• [BRIEF]:
For the entries below, the result should be an exact transcription of the lines from the one with "New 2026 Chevrolet" up to and including the one with "204/6-14 Metro Parade, Mawson Lakes SA 5095", and only those.

• [RECORDS FOR THIS EXERCISE]:
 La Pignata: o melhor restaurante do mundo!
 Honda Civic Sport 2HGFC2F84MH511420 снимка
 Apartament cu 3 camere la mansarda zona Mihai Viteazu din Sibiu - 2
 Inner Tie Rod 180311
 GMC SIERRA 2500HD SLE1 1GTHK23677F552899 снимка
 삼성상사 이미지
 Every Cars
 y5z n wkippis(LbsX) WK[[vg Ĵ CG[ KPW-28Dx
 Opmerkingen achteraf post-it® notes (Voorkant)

==

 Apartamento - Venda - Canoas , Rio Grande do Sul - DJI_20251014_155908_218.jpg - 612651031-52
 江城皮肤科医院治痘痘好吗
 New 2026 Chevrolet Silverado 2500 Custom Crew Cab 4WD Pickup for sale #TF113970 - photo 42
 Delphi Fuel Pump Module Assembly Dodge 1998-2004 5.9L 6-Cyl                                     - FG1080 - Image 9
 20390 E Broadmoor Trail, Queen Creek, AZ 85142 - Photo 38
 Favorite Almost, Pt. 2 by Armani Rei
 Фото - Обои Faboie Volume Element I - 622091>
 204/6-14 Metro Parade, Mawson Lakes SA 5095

---

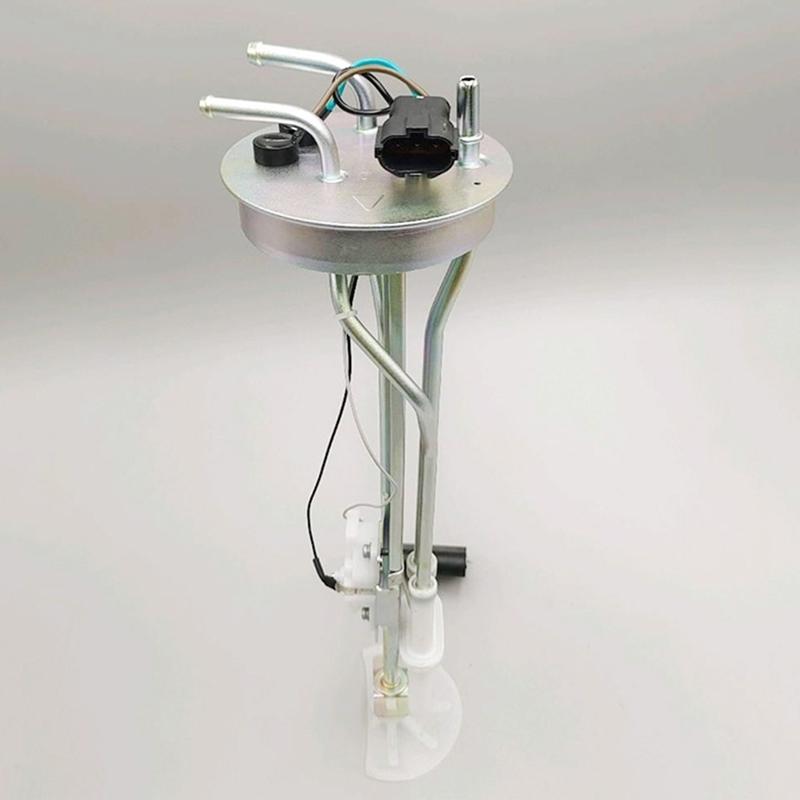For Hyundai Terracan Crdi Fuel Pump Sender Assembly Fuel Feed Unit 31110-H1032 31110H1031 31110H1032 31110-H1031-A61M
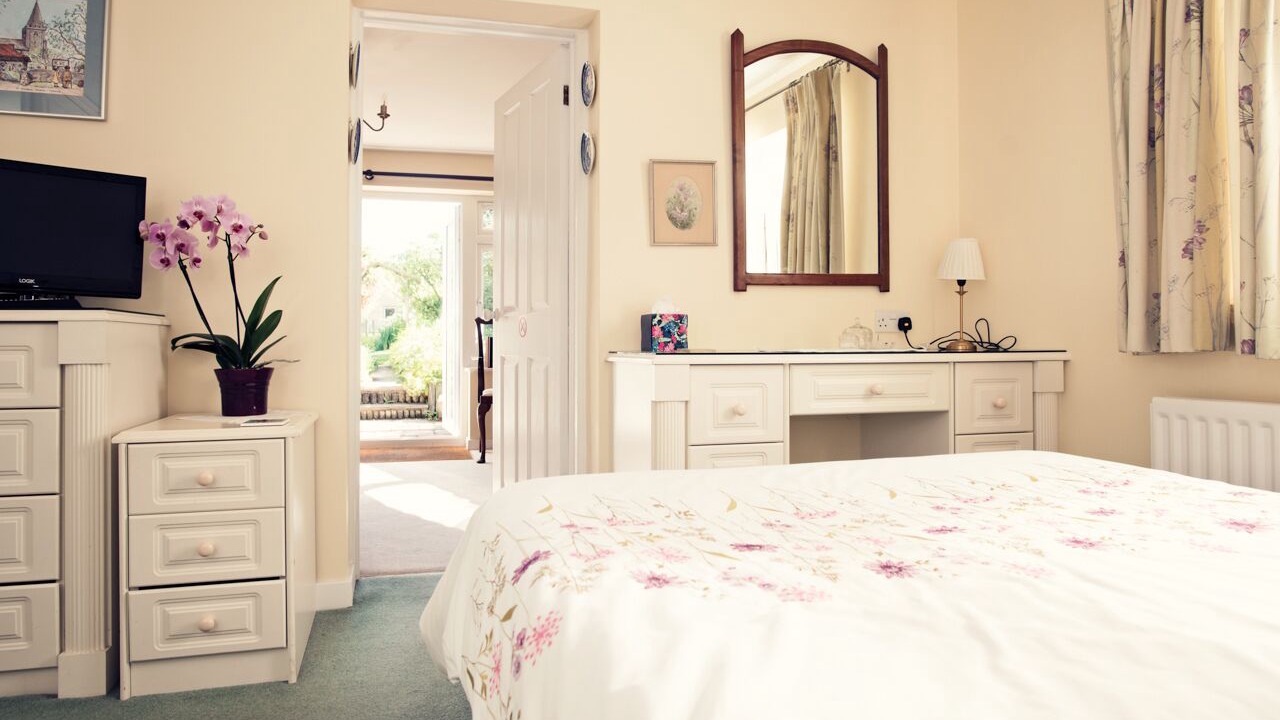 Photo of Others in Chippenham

• [YOUR RESPONSE]:
 New 2026 Chevrolet Silverado 2500 Custom Crew Cab 4WD Pickup for sale #TF113970 - photo 42
 Delphi Fuel Pump Module Assembly Dodge 1998-2004 5.9L 6-Cyl                                     - FG1080 - Image 9
 20390 E Broadmoor Trail, Queen Creek, AZ 85142 - Photo 38
 Favorite Almost, Pt. 2 by Armani Rei
 Фото - Обои Faboie Volume Element I - 622091>
 204/6-14 Metro Parade, Mawson Lakes SA 5095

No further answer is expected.